In 1831 he was chosen Moderator of the Synod of Philadelphia. In 1832 he
accepted the presidency of Lafayette College. In August, 1841 he was made
President of Miami University, Ohio. In 1844 he was elected Moderator of
the Old School General Assembly, and in the same year left Miami and resumed
the presidency of Lafayette. In October, 1848, he accepted the presidency
of Washington College, Virginia,
whither twenty-six of his students followed him, and where he remained
for twelve years. He died in Philadelphia, May 20th, 1868, aged 78 years.

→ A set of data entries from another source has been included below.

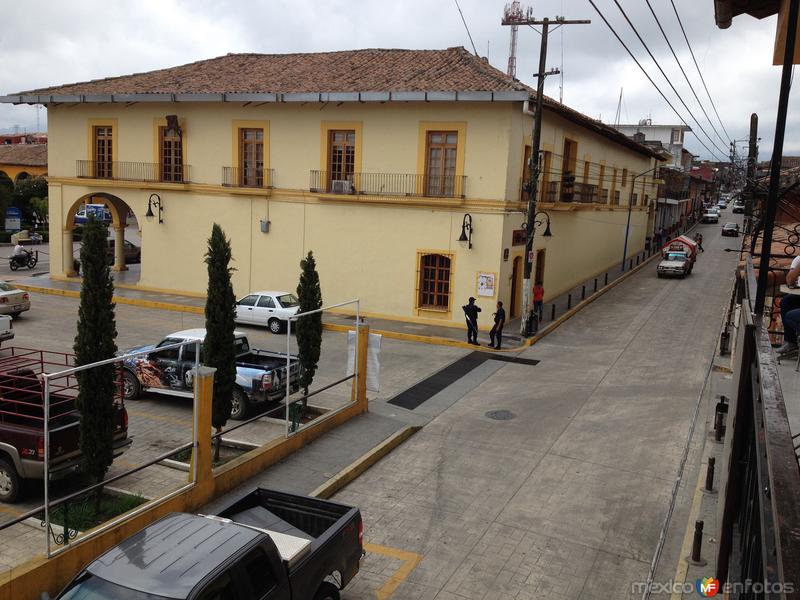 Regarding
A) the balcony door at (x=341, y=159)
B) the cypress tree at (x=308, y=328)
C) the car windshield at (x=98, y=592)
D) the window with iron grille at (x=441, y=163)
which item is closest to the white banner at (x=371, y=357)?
the cypress tree at (x=308, y=328)

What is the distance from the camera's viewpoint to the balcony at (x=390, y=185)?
22984 millimetres

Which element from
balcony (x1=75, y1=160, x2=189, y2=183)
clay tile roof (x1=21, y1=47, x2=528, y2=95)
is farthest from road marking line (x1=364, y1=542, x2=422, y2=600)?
balcony (x1=75, y1=160, x2=189, y2=183)

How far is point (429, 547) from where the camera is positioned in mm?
8836

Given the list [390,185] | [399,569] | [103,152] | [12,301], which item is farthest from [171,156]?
[399,569]

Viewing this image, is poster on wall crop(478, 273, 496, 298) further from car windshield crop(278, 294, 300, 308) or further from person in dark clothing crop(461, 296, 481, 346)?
car windshield crop(278, 294, 300, 308)

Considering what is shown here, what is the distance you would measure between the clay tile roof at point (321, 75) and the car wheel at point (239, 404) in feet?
42.2

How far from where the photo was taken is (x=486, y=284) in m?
22.7

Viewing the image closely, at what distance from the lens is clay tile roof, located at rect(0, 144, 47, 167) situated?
199 ft

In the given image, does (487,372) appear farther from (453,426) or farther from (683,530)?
(683,530)

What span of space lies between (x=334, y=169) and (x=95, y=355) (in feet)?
55.2

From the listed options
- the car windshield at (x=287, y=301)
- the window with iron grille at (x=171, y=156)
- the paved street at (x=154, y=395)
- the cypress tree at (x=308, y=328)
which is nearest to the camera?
the paved street at (x=154, y=395)

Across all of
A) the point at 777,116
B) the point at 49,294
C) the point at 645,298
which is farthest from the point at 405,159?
the point at 777,116

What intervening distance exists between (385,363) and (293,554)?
11.8 meters

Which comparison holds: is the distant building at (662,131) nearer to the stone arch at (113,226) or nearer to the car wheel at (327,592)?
the stone arch at (113,226) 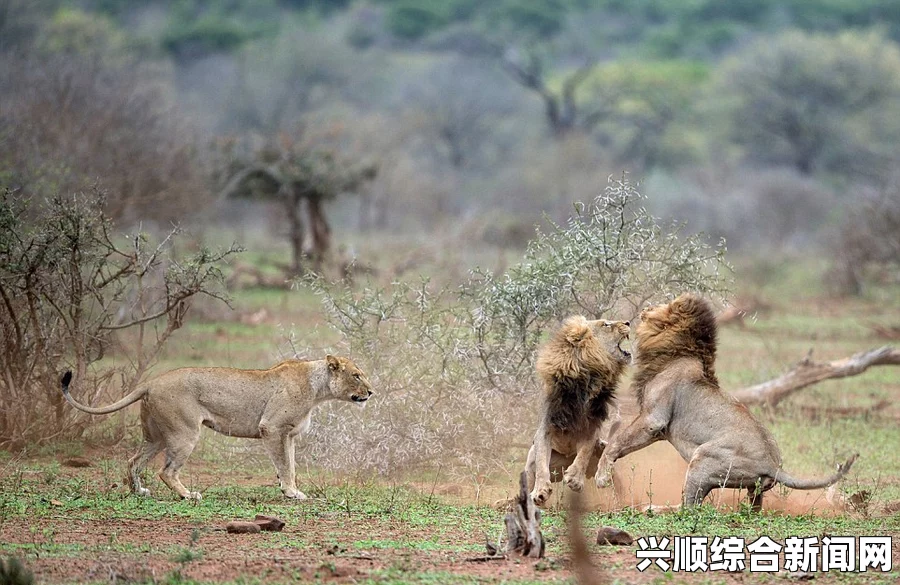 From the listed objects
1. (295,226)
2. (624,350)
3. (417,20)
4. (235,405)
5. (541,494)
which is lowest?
(541,494)

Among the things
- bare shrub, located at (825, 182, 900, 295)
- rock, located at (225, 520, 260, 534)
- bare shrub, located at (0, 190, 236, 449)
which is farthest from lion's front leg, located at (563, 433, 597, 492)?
bare shrub, located at (825, 182, 900, 295)

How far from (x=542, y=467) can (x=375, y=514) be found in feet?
3.49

Dr. Junkin was an able and voluminous author. His published writings
were, "Baptism," "The Prophecies," "Justification," "Sanctification," "Sabbatismos,"
"The Tabernacle," "The Vindication," "Political Fallacies," besides Baccalaureate
Addresses, Literary Addresses, Occasional Discourses, and a manuscript
commentary on Hebrews, in seven hundred and fifty quarto pages, which was
written after his seventy-fifty year.